Like the foreign minister, however, he has been talking about a “war” for a long time. A subtle change of position? In any case, Pandor does not want to speak of a mutiny by the Wagner group under the mercenary leader under Yevgeny Prigozhin, no serious challenge for Putin, according to the embassy. They are sticking to their friendship with Russia. The State Department is plastered with Brics display stands. South Africa chairs the alliance this year, which also includes Brazil, Russia, India and China.

However, the government still has to find a way of dealing with Putin’s possible participation in the planned summit meeting in August. As a member of the International Criminal Court, South Africa would have to execute chief prosecutor Karim Khan’s arrest warrant against him. So far, there has only been one commitment from China, Pandor parries the demand. From Putin there is neither a commitment nor a rejection. When Moscow made a decision, South Africa’s position would be communicated to the world.
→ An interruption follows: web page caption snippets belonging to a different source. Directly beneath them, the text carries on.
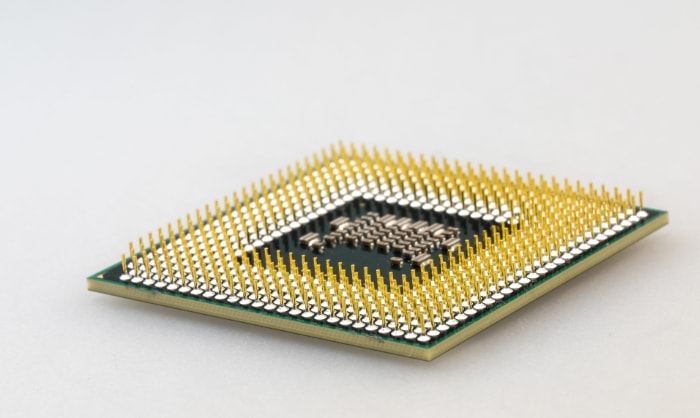 Close up of CPU pin on white surface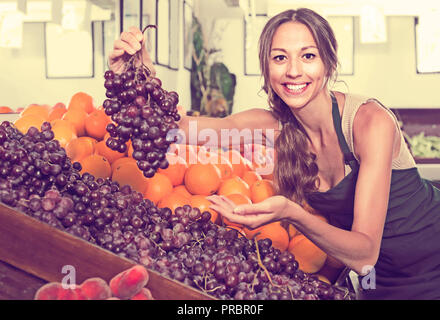 Femmina adulta venditore indossando grembiuli azienda grappolo di uva sul mercato Foto Stock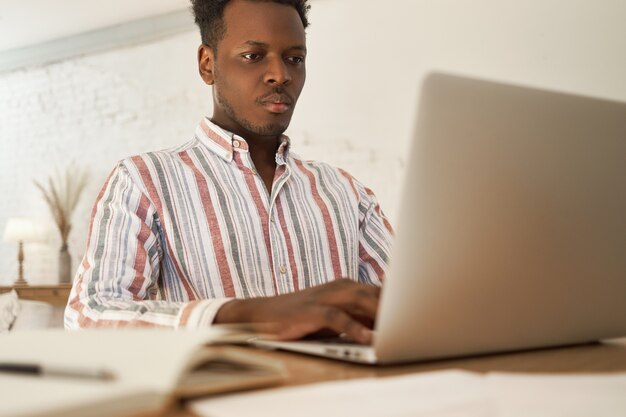 Hombre africano joven enfocado haciendo tareas independientes remotas en casa, buscando información usando wifi de alta velocidad.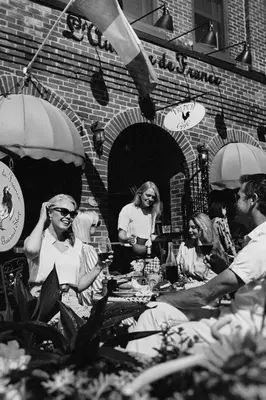 a group of people sitting at a table at L'auberge De France Inn in Belleville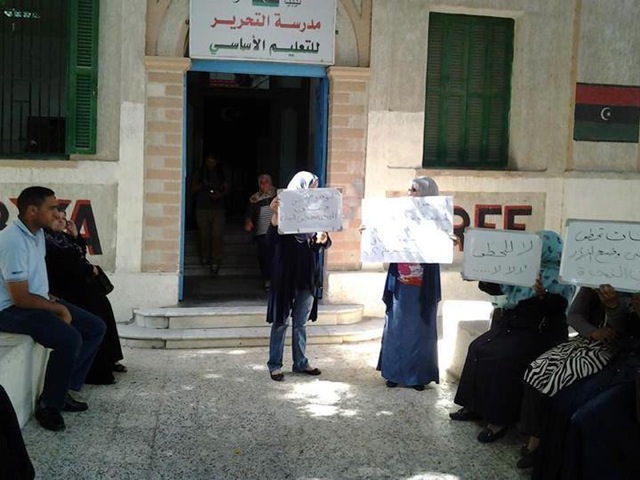 Teachers protest outside the Mermaid Girl's School in 24 December Street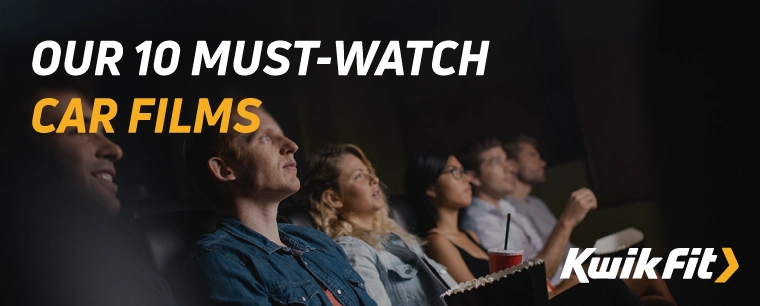 People sitting in a row at a cinema watching a film with drinks and popcorn.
Baerbock, for whom the answer should be clear as an international law expert, leaves it at appeals. She promotes asking “what it would mean if we allowed wars of conquest to become normal again in the 21st century”. What it means when the world simply turns a blind eye to terrible human rights violations – and refers to the genocide in Darfur in western Sudan. Yes, the West has made mistakes too, is the message to the global South, whose voice South Africa sees itself as. Baerbock also addresses Germany’s support for the apartheid regime. History meets history. The GDR had supported the freedom movement, as had the Soviet Union. Russia has managed to use this legacy politically.

The hosts hope for investments, also with a view to climate change

Baerbock can counter this with the promise of even closer cooperation. In vaccine production, in trade, in vocational training. Pretoria would like more investment – and hopes above all for billions in the course of the “Just Energy Transition Partnership”, which is intended to counteract the climate crisis and promote renewable energies – all of this in a socially acceptable manner. Germany, France, the EU and Great Britain have 8.5 billion euros and the USA agreed. 1.1 billion come from Berlin, of which 300 million have been paid out.

Rolling power cuts of up to twelve hours a day are the biggest obstacle to growth in South Africa. Pandor names the outdated coal-fired power plants as the cause, but also demands that the change in energy supply must be in line with development goals. The mines provide jobs in a country that suffers from more than 30 percent unemployment.

In Germany, too, the challenges of phasing out coal are known, says Baerbock. She invites Pandor to a return visit. Then one could also talk in detail about feminist foreign policy – Baerbock had to skip the first day of her trip to discuss what was happening in Russia with her fellow EU foreign ministers. Pandor is unlikely to believe that the issue will have been resolved by then. The African peace initiative is “the start of a long process,” she says.